Pielęgniarki ze szpitala przy al. Kraśnickiej w Lublinie są oburzone propozycją zmian w wynagrodzeniach
Lekarzom dyrektor szpitala zaproponował dodatki za dyżury w wysokości 257 zł brutto w dni powszednie, 470 zł w soboty i 625 zł – w niedziele i święta. Pielęgniarki miałyby dostawać dodatki do pensji wypłacane co miesiąc od 1 kwietnia do 31 grudnia. Pracujące na trakcie operacyjnym i oddziale anestezjologii – 179,5 zł brutto, a zatrudnione na pozostałych oddziałach – 129,5 zł brutto.
– To ewidentna dyskryminacja! – oburza się jedna z pielęgniarek ze szpitala przy al. Kraśnickiej. – Pracujemy tak ciężko, jak lekarze i mamy równie odpowiedzialną pracę. Na pewno nie zgodzimy się na takie zmiany – podkreśla inna pielęgniarka.
Pielęgniarki chcą spotkać się w tej sprawie z marszałkiem województwa.
– To nie ja tworzę dysproporcje.
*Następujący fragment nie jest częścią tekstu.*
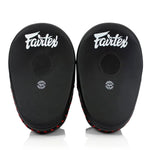 Plastrons Fairtex Maximizado FMV13 Nero 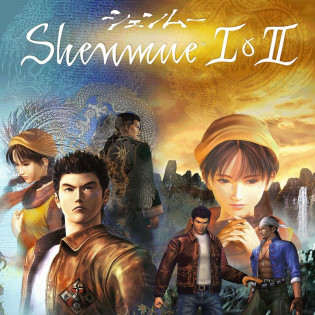 Shenmue I & II  Steam Europe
Propozycje dla lekarzy wynikają z zapisów porozumienia, które zostało zawarte w lutym między Porozumieniem Rezydentów a ministrem zdrowia – tłumaczy Gabriel Maj, dyrektor szpitala przy al. Kraśnickiej. – Z kolei pielęgniarki, oprócz zaproponowanych przeze mnie dodatków, dostaną też kolejną transzę tzw. zembalowego (w wysokości 400 zł brutto – red.). Przedstawiłem propozycje organizacjom związkowym i czekam na ich stanowisko – dodaje.
Sprawa ciągnie się od połowy grudnia. Pielęgniarki i lekarze weszli wtedy w spór zbiorowy z dyrekcją, bo chcą zmiany warunków czasu pracy i wyższych wynagrodzeń. Zastrzeżenia pracowników dotyczą też organizacji pracy w szpitalu.
– Gdybym zgodził się na realizację tych postulatów, w skali miesiąca oznaczałoby to koszt 11,5 miliona złotych, czyli prawie tyle ile wynosi miesięczny dochód szpitala – tłumaczył dyrektor Maj.
Spór zbiorowy jest nadal na etapie negocjacji. Strony nie podpisały protokołu rozbieżności.